Thursday, February 09, 2012
Nicholas Kristof, bless his heart, since he's one of the few actual liberal columnists at the NY Times who survived 2011, today wrote about Charles Murray's new book, "Coming Apart; the State of White America, 1960-2010."
Murray is the reactionary sociologist who wrote "The Bell Curve" a few years ago, and Kristof agrees with his conclusion in the new book: that white, working-class Americans now suffer from the same types of crippling social malaise that have troubled minority communities for generations, primarily a drug plague and devaluation of marriage, with a corresponding erosion of values which characterize a society whose structure is based on the nuclear family.
Kristof concludes, "Today, I fear we’re facing a crisis in which a chunk of working-class America risks being calcified into an underclass, marked by drugs, despair, family decline, high incarceration rates and a diminishing role of jobs and education as escalators of upward mobility. We need a national conversation about these dimensions of poverty, and maybe Murray can help trigger it. I fear that liberals are too quick to think of inequality as basically about taxes.

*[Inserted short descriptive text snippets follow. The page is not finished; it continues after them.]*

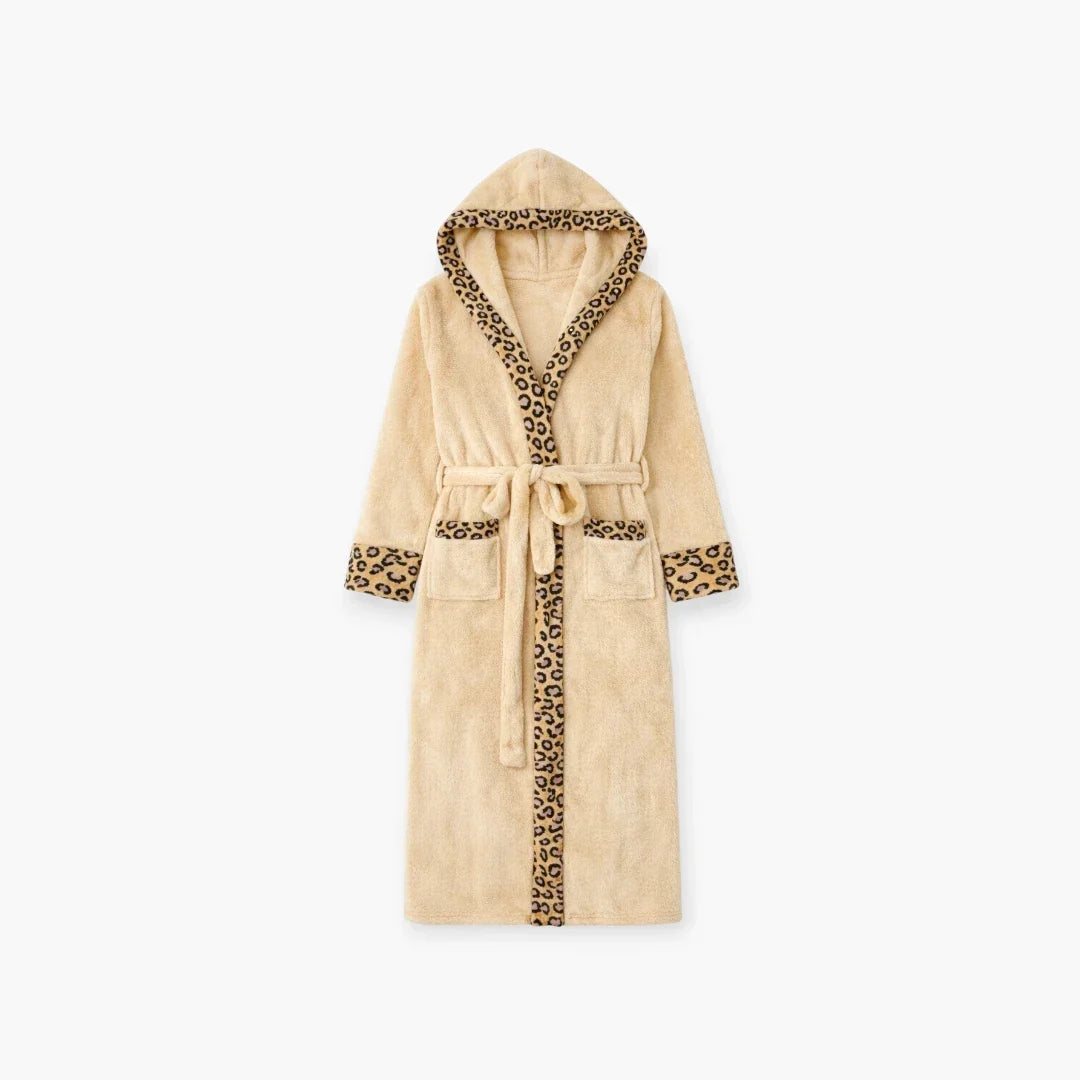 Peignoir d'Hiver Femme — photo 4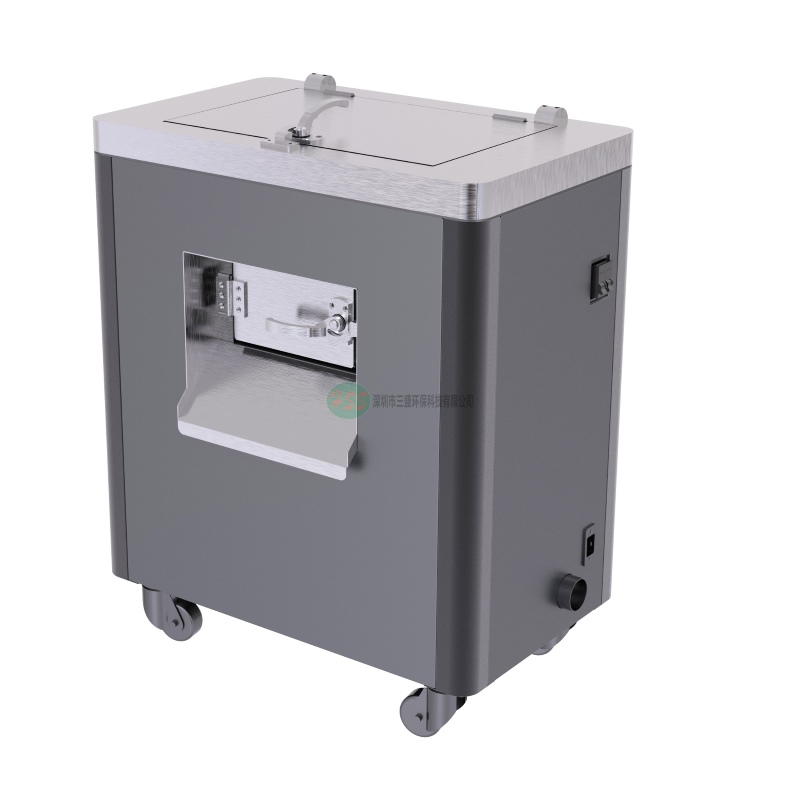 廚余垃圾處理器會堵塞管道嗎？使用誤區(qū)指導！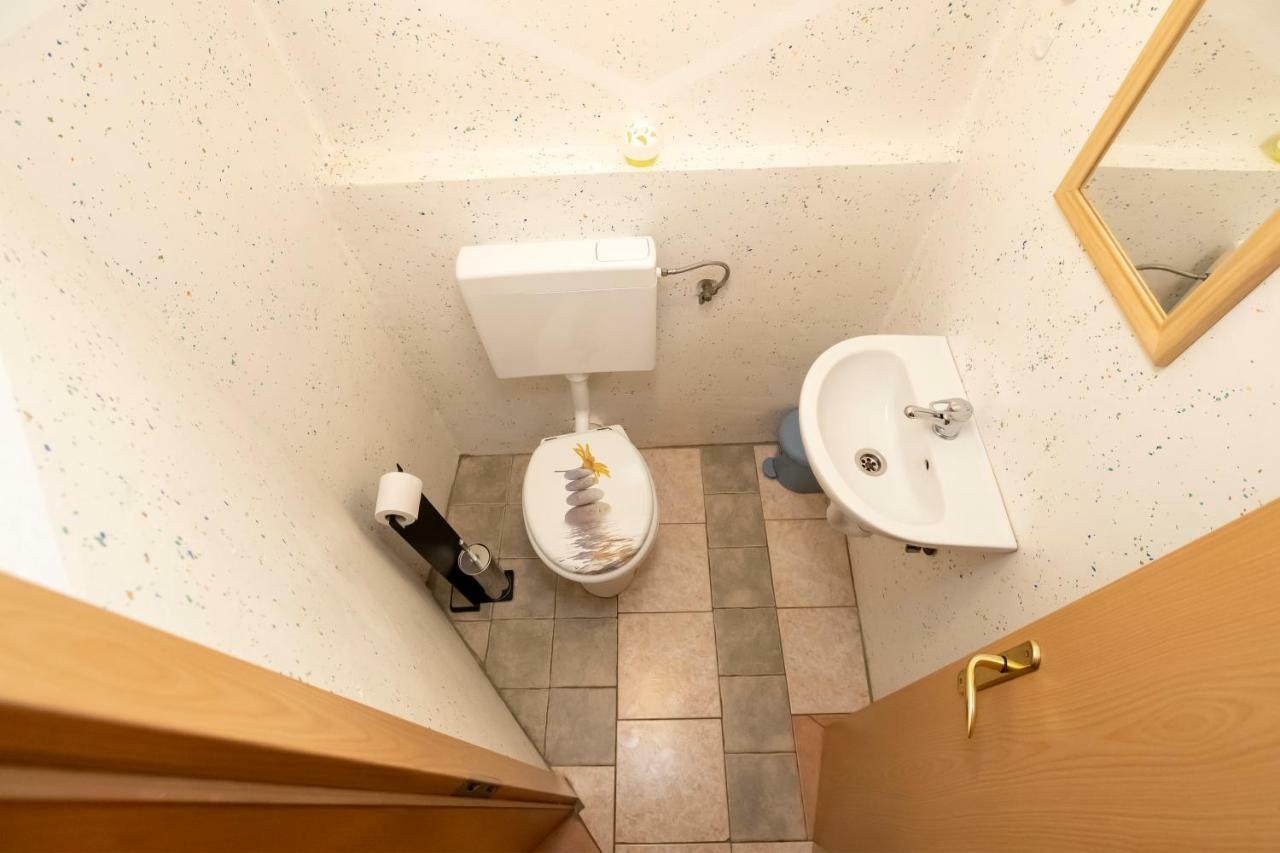 Apartment Stare 博希尼 外观 照片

Yes, our tax system is a disgrace, but poverty is so much deeper and more complex than that."
Of course Murray reflexively blames "liberal social policies" -- the orthodox fascist response -- which describes the details of social dysfunction but misdiagnoses the causes and oigins. Because when people start living just for whatever gratification or pleasure they can get in this moment, and give up any thought of making efforts or sacrifices for future rewards, the society they live in has already collapsed.
The drug plagues that have rolled through Americans generations from the bottom up -- heroin, crack cocaine, and methamphetamine -- are cries of despair from people who have no future. Why invest the commitment and sacrifice maintaining a family requires when the future is a blank?